+++ Stored data +++
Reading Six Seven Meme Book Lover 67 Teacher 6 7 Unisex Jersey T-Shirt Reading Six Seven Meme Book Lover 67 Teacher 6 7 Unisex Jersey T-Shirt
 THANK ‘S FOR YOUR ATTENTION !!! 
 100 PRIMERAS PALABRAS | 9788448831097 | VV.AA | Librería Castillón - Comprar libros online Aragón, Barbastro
+++
### Your instructions
Using the material above, output each line exactly as it appears.

### Exercise solution
Reading Six Seven Meme Book Lover 67 Teacher 6 7 Unisex Jersey T-Shirt Reading Six Seven Meme Book Lover 67 Teacher 6 7 Unisex Jersey T-Shirt
 THANK ‘S FOR YOUR ATTENTION !!! 
 100 PRIMERAS PALABRAS | 9788448831097 | VV.AA | Librería Castillón - Comprar libros online Aragón, Barbastro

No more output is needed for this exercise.